▸ **Your assignment**
Reproduce exactly the entries from the "ACHTERKLEP EMBLEEM OPENER" line to the end. Skip all pictures.

[Dataset excerpts]
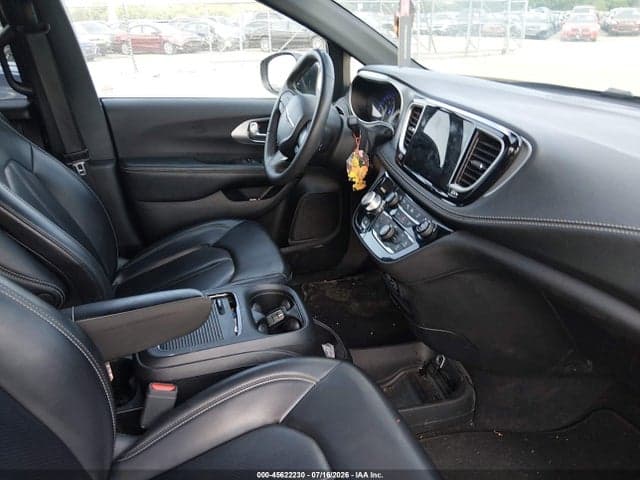 2023 CHRYSLER PACIFICA TOURING L 5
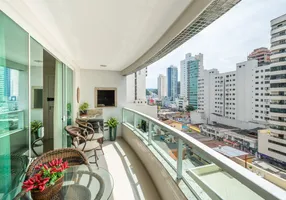 Foto 1 de Apartamento com 4 Quartos à venda, 115m² em Centro, Balneário Camboriú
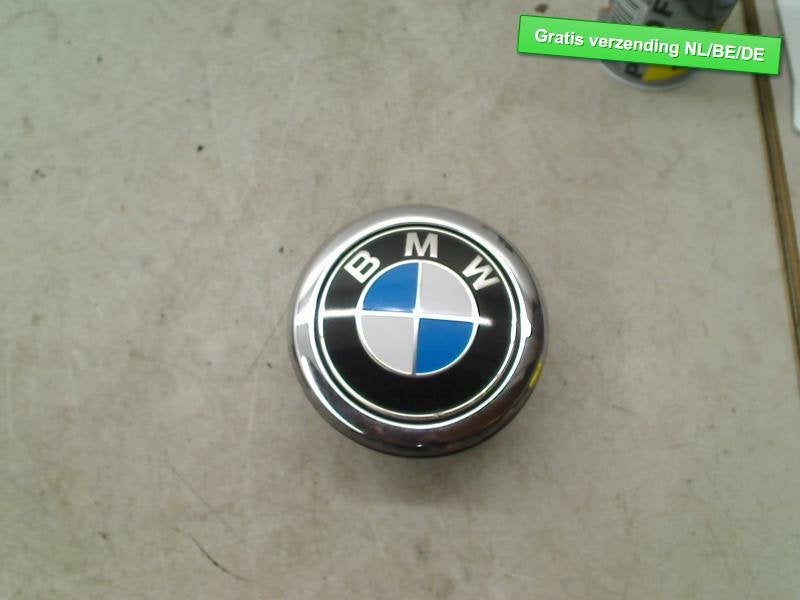 ACHTERKLEP EMBLEEM OPENER BMW 1 serie (F21) (7270728), Gebruikt, BMW, Petuelring 130
80809  München, DE, Bayerische Motoren Werke AG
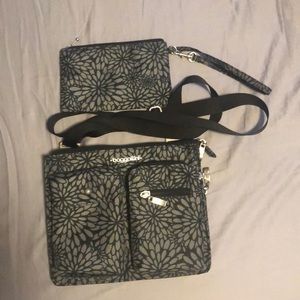 Baggallini everything bag with matching wristlet, used once
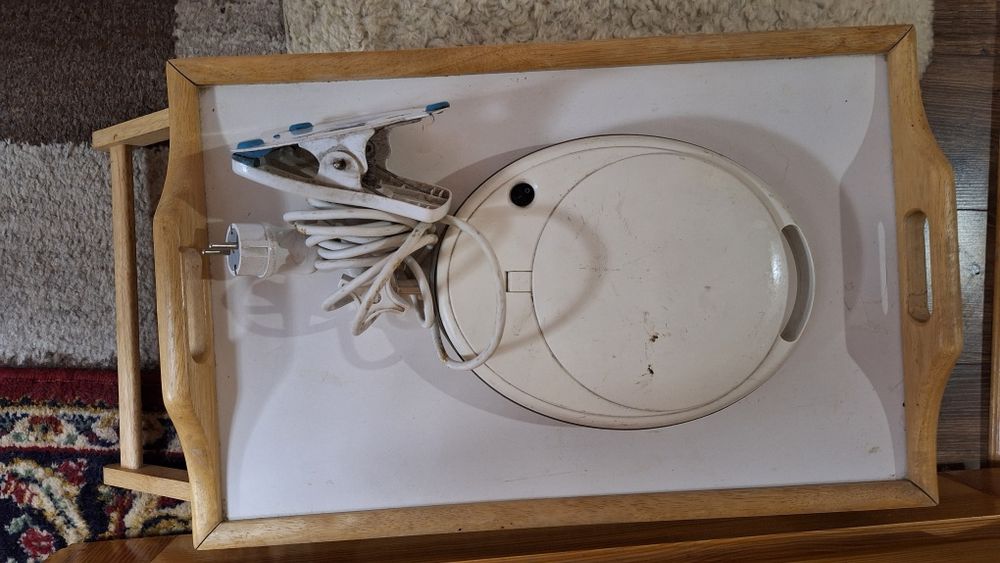 Лампа- лупа для косметолога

▸ **Solution to this problem**
 ACHTERKLEP EMBLEEM OPENER BMW 1 serie (F21) (7270728), Gebruikt, BMW, Petuelring 130
80809  München, DE, Bayerische Motoren Werke AG
 Baggallini everything bag with matching wristlet, used once
 Лампа- лупа для косметолога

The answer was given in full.